Tandis que le punk rock incendie toutes les chapelles, autorisant le meilleur et le pire ainsi que les plus grandes audaces, il n’est qu’une intuition à Strasbourg. Très marginale. Une réaction juvénile au début de sénilité qui frappe le rock.
Les Dustbeans portent encore le cheveux long et ne sont pas des punks au sens stricto sensu du terme. Ils rectifient le tir avec ce soupçon d’arrogance en plus et comptent bien profiter du phénomène sur lequel les yeux et les oreilles sont désormais rivés.
Quelques jours avant leur premier concert, Christine Lefèvre vient les filmer pour FR3 Alsace au Théâtre de la Petite-France de Michel Martine, situé Grand-Rue. Un groupe se réclamant du punk à Strasbourg est un petit évènement en soi !

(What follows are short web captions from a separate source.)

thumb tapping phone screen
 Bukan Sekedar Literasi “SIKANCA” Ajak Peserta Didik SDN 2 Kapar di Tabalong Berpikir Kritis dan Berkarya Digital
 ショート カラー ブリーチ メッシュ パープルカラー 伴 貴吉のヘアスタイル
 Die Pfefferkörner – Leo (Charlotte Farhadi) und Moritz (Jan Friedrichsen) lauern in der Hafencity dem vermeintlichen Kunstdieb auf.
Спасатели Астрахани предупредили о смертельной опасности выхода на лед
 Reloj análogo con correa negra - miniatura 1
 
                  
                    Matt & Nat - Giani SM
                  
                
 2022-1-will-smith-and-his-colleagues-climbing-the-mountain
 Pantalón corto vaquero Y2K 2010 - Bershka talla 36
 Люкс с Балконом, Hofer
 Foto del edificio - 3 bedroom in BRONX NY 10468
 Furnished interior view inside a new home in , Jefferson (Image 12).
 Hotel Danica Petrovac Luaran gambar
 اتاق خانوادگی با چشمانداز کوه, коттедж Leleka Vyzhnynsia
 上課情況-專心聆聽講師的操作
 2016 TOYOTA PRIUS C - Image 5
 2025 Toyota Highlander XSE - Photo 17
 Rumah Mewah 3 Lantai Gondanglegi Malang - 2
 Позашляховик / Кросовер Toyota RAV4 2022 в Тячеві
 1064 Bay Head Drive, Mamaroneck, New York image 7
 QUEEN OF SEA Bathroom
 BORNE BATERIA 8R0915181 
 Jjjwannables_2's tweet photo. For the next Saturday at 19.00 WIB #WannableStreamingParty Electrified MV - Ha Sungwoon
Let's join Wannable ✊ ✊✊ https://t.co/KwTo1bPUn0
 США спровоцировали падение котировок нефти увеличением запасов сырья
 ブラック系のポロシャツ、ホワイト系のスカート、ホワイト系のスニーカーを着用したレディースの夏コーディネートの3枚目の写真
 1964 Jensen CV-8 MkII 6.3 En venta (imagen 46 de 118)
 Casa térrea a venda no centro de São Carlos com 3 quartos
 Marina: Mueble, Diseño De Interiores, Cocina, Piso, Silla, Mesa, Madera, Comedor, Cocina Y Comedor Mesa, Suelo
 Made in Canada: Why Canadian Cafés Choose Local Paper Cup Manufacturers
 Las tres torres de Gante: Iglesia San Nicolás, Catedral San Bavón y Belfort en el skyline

En cherchant une filiation, on se rend bien vite compte que c’est de l’autre côté de l’Atlantique et des précurseurs proto-punk qu’il faut trouver les modèles. Ce que les deux courts extraits de Heroin et Gloria que l’on entend dans le reportage confirment volontiers.
Les Dustbeans ne sont surtout pas dupes de leur situation : on était punks mais c’est tellement décevant qu’on préfère se revendiquer d’un autre mouvement, plus jeune, qui a encore toutes ses preuves à faire, et qui est la génération X
.
Et réalistes, voir fatalistes sur les perspectives d’avenir dans le contexte d’une scène rock strasbourgeoise en friche : Si ça prend au niveau du public, tant mieux. Si ça ne prend pas on aura quand même l’impression d’avoir fait quelque chose.
Le 26 novembre 1977, ils se produisent au Fossé-des-Treize. L’attitude narquoise et arrogante du chanteur, Patrick Boissel, est celle de celui qui sait. Qui sait trier le bon grain de l’ivraie. Le public strasbourgeois n’est pourtant pas encore prêt pour ce type d’emballements.
La veille au soir, par je ne sais quel miracle, ils sont passés au journal télévisé de FR3 Alsace pour annoncer le concert, et même je crois, jouer un titre. J’imagine que tout le monde devait regarder FR3 à l’époque parce que le lendemain, mercredi, la salle était comble ! Le public, c’était n’importe quoi : il y avait même une troupe de bidasses en permission ! Quand les gens se sont rendus compte qu’ils avaient payé pour un groupe de vrais débutants qui ne faisaient que des reprises (Patti Smith, The Stooges, MC5) ça a mal tourné… Le bar était situé dans la salle et ils vendaient carrément des canettes en verre… et les canettes se sont mises à voler ! Dans leur mansuétude, les gens les envoyaient au-dessus du groupe et elles se brisaient sur le mur du fond mais juste en-dessous, il y avait le batteur qui était un incroyable baba barbu qui en a eu marre (ou peur) et s’est barré en plein milieu d’un morceau. Ça n’a pas arrangé l’ambiance qui a carrément viré à l’émeute. Patrick, le chanteur, était incroyable : il était là, au milieu de ça, comme si tout était normal. Tellement impressionnant que Didier Poux et moi on a gravi la scène pour se ruer sur lui et lui déclarer que c’était le meilleur concert qu’on ait jamais vu !
Les Dustbeans s’étaient fait la main trois ou quatre fois avant le concert avec une petite poignée de reprises. Leur rock est décharné, vaguement agencé en chansons, le disputant à la jam. La posture nihiliste compense le manque d’expérience musicale.
Une composition personnelle intitulée HLM émerge malgré tout du lot. C’est Hubert Diyan qui la chante : J’habite un HLM
(les autres répondent avec des harmonies vocales émulant une chambre d’écho : lèm - lèm - lèm
) et tous les matins
(les autres :tin - tin - tin
).
Lorsque Didier Coudry jette l’éponge et quitte la scène, Jacky Koehler, un batteur de jazz réputé, propose de venir jouer des morceaux cools pour apaiser la tension. C’est la directrice du lieu qui calme les esprits en piquant une colère et en ouvrant les fenêtres pour aérer !
Quinze jours plus tard, le 10 décembre, les Dustbeans sont à l’affiche du festival Rock’n’Roll Circus à Obernai. Leur prestation ne déchaîne pas les passions. Rien de comparable à leur coup d’essai. Le groupe ne persiste pas et chacun fini par se mobiliser ailleurs.
Technique musicale rudimentaire, fraîcheur retrouvée dans l’interprétation, retour à la simplicité basique du rock’n’roll : malgré la brièveté de l’existence des Dustbeans, le groupe a ouvert une brèche pour toute les formations strasbourgeoises à venir de la nouvelle vague.